Figure 4. CBX7 induces G₁/S arrest through binding and silencing CCNE1 promoter which mediated by the recruit of HDAC2.

(A) Flow cytometic assay was used to assess the cell cycle in GBM cells transfected with siRNAs or lentivirus vectors and the right panel showed the percent of different cell cycle phases. (B) Cyclin E1, CDK2, p53 and p21 levels were tested after the regulation of CBX7 in different GBM cell lines. (C) Immunofluorescence staining of CBX7 (green) and Cyclin E1 (red) in in different GBM cells.

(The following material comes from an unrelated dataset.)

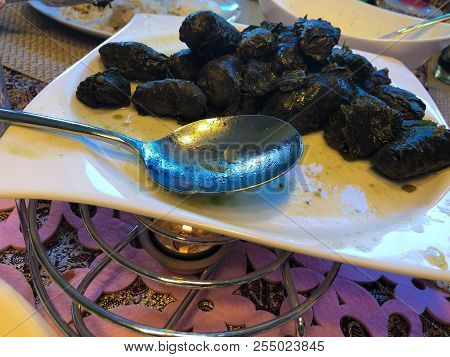 Dolma Tolma, Sarma - Stuffed Grape Leaves With Rice And Meat. Traditional Caucasian, Ottoman, Turkis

Scale bar = 50 mm. (D) Relative expression of CCNE1 in CBX7 up/down regulated cells was studied by Q-PCR. *P < 0.05. (E, F) ChIP experiment was used to examine the interaction between CBX7 and CCNE1 promoter. The precipitate was collected and evaluated by both RT-PCR and q-PCR. *P < 0.05, ^#P < 0.001. (G) ChIP assay showed that the occupancy of CCNE1 promoter by CBX7 was increased in CBX7 overexpression U87 and LN229 cells. P < 0.05. (H) Co-IP analysis was performed to evaluate the interaction of CBX7 and HDAC2. Total cell lysates from GBM cells were co-immunoprecipitated by anti-CBX7 antibody and anti-HDAC2 antibody. Protein-antibody complexes were analyzed by western blot and the results showed that CBX7 binds to HDAC2 in three cell lines. (I) After treated with 1μM HDCA2 inhibitor FK228 for 24 h, the degree of histone acetylation (acetyl-histone H3 Lys56 and acetyl-histone H2B Lys20) and cyclin E1 levels in three GBM cell lines were tested via western blot.